The pay cut to 200,000 state workers, plus the layoffs, would save the state a billion dollars per month.
"Tomorrow is the first day of the August pay period," said the governor's Press Secretary Aaron McLear. "That's the day the governor needs to take action to start realizing some savings, so we have enough cash to pay our bills."
It is unclear how long state workers will have to make the federal minimum wage of $6.55 an hour.
However, the month-long budget impasse suggests it could be a while.
"If we have to be here until the state goes into bankruptcy and the Republicans are going to cause that to happen, that's fine," said Sen. President Don Perata.
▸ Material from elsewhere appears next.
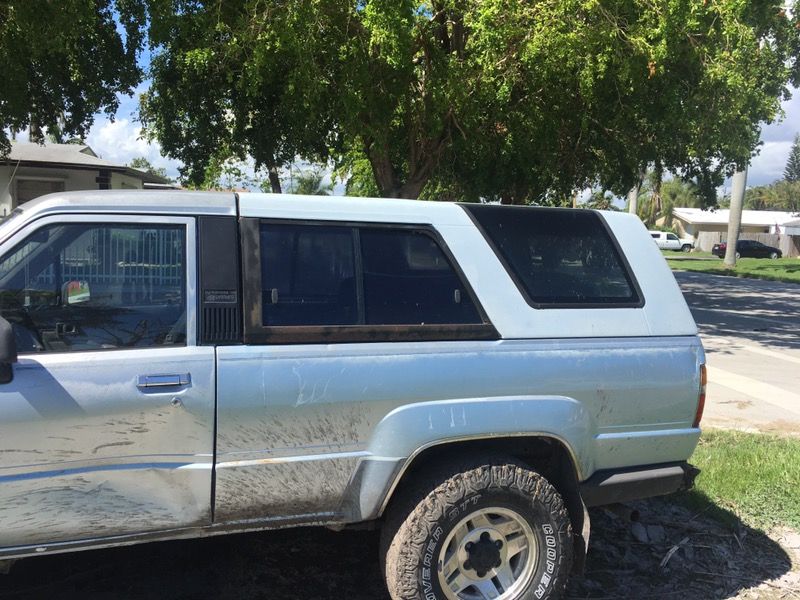 1989 Toyota 4Runner HARDTOP for sale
State Controller John Chiang has said he would defy the governor's order and pay full wages anyway because it is his duty.
However, labor law experts say a Davis v. White California Supreme Court decision in 2003 does support the governor.
"The state workers will be paid eventually. But it obviously seems unfair to bear the brunt of this now, but he does have the legal authority to do that," said McGeorge School of Law professor Miriam Cherry, J.D.
Despite that, the counsel for the state Legislature has advised lawmakers that the governor is on shaky ground, and many Democrats are still promising a battle over those pay cuts.
Union sources said they are preparing to take legal action against the governor as early as Friday, asking the court to stop the order from taking place.